> **What you are asked to do**: In the listing below, find the line that contains "Whining Noise When" and the line that contains "3N1AB8DV9PY291104 Photo# 9". Quote both and every line between them, exactly, and nothing more.

> **Data to use**:

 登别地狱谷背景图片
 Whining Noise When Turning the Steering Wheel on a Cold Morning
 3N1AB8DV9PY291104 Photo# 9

--

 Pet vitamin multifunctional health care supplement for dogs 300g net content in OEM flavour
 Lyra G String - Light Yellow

> **Exercise output**:
 Whining Noise When Turning the Steering Wheel on a Cold Morning
 3N1AB8DV9PY291104 Photo# 9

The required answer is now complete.